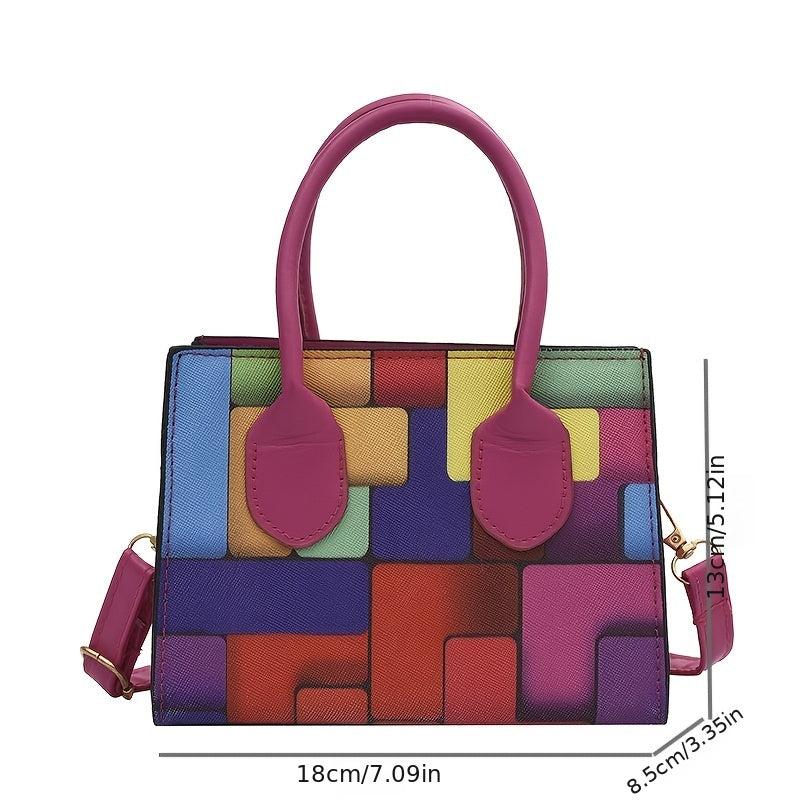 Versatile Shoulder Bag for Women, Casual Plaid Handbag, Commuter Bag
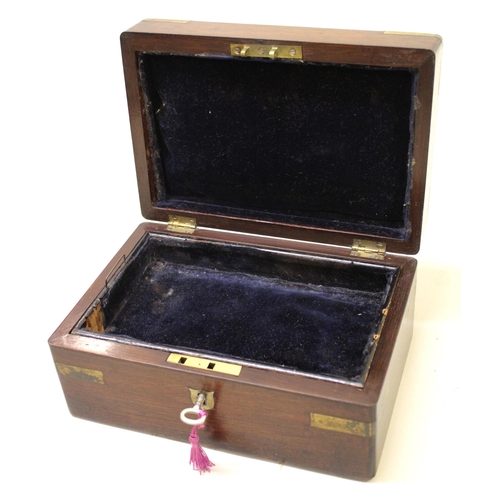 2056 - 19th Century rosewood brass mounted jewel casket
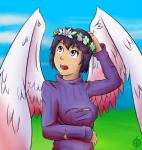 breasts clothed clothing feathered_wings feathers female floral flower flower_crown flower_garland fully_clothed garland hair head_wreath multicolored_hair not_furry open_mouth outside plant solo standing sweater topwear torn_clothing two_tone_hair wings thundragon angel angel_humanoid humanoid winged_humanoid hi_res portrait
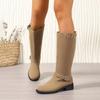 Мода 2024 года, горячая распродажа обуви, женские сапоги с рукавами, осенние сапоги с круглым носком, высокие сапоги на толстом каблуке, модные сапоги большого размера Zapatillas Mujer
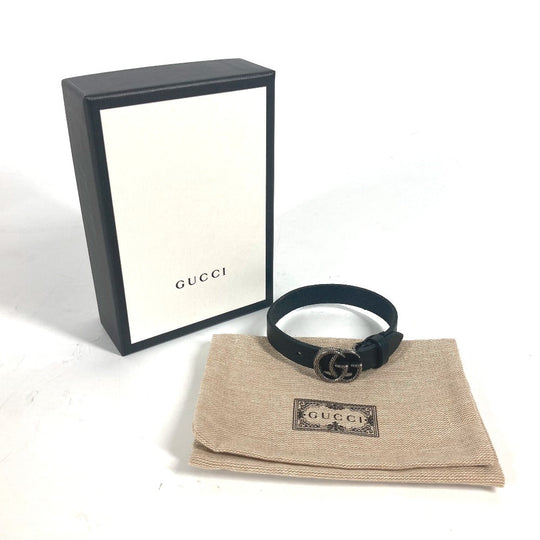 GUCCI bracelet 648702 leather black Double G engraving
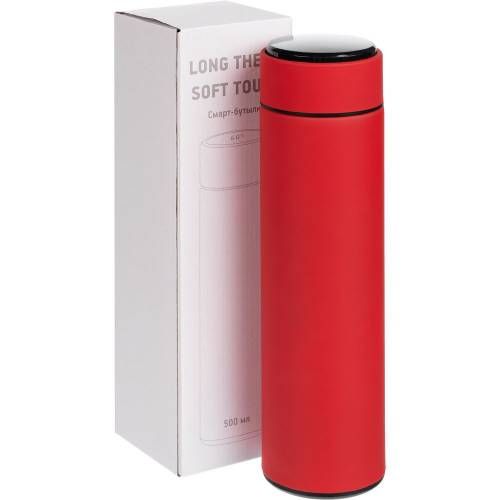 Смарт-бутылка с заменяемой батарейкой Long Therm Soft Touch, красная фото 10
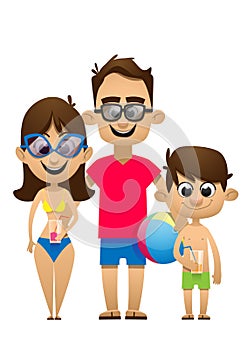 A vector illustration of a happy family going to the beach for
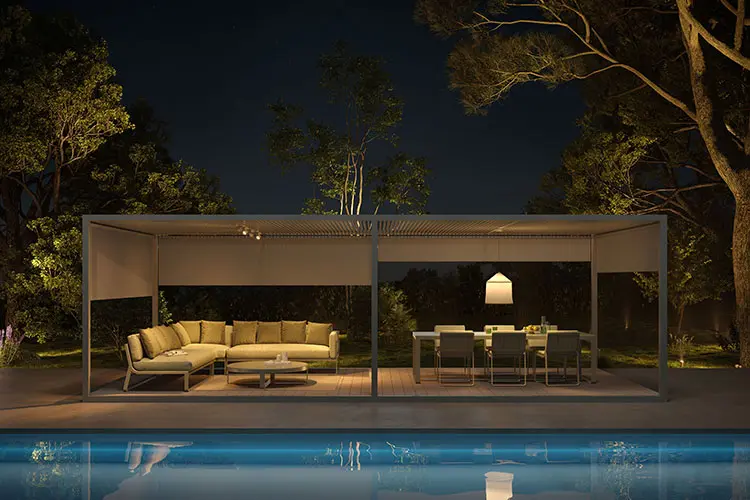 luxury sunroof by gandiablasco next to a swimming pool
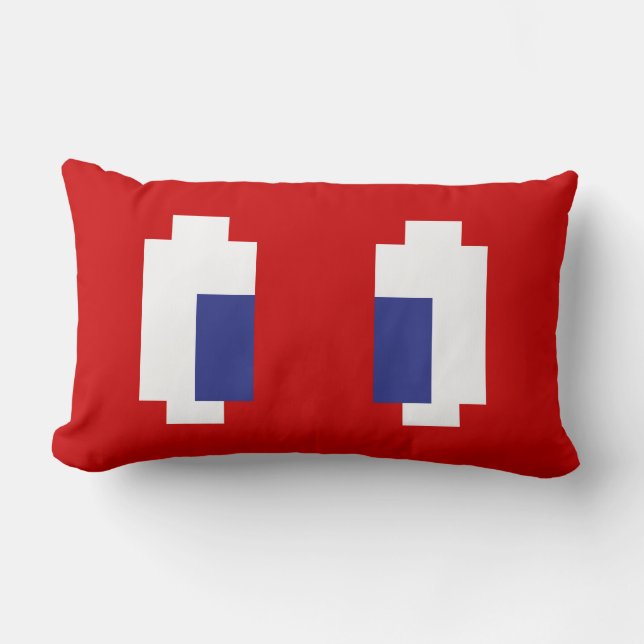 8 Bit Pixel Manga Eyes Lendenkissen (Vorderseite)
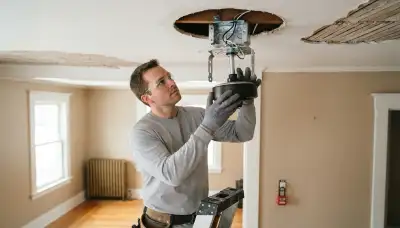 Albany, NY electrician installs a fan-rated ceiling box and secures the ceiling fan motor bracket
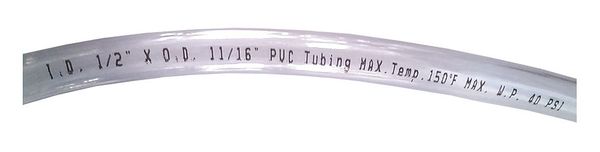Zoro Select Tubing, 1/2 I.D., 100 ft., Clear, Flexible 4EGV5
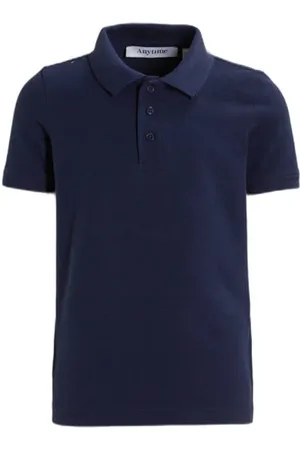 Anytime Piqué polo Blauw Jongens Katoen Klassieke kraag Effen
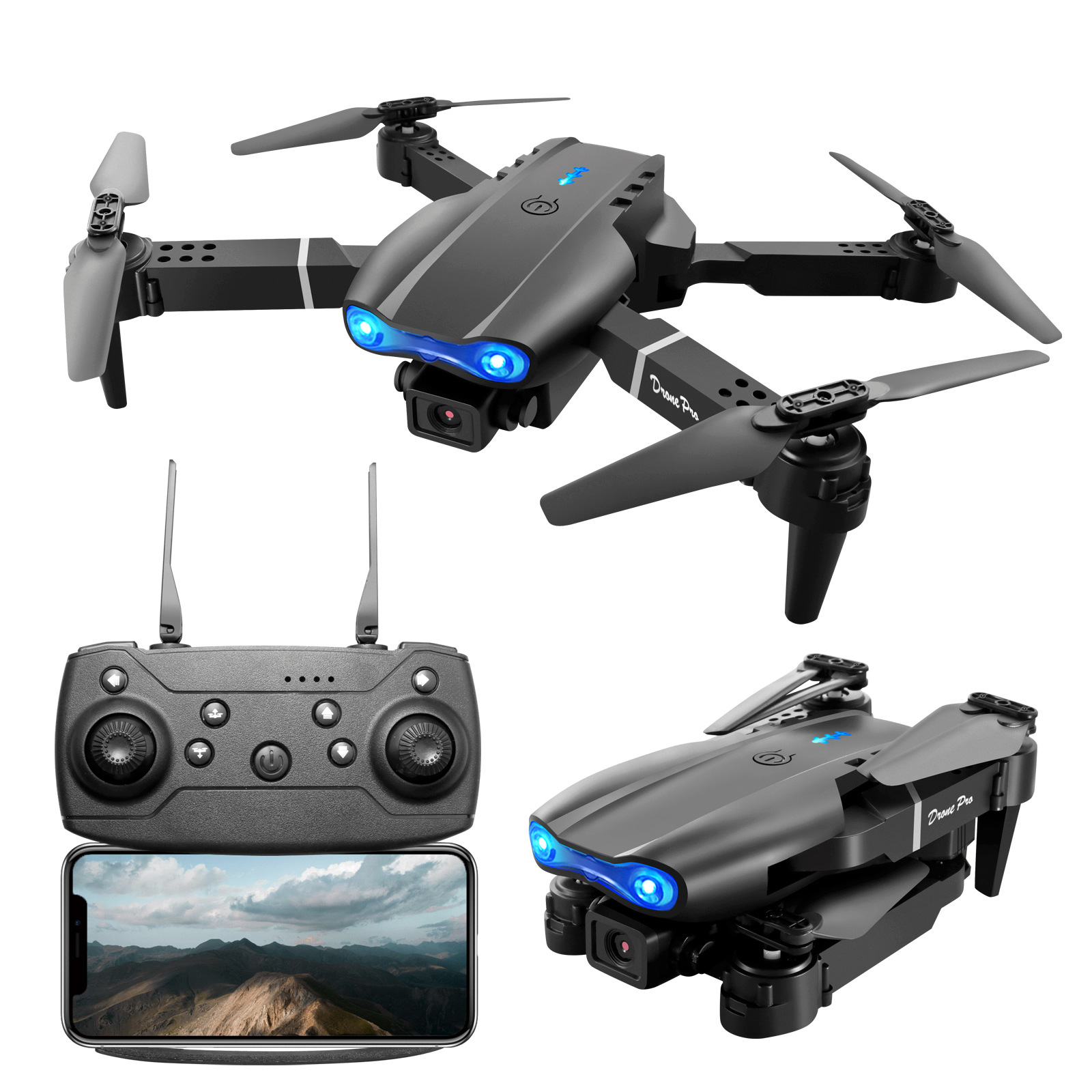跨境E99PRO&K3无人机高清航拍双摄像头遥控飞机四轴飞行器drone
----
**Exercise aim:**
Any pictures are to be skipped, and the lines from the beginning of the entries through the line with "2056 - 19th" copied exactly.

**Written solution:**
 Versatile Shoulder Bag for Women, Casual Plaid Handbag, Commuter Bag
 2056 - 19th Century rosewood brass mounted jewel casket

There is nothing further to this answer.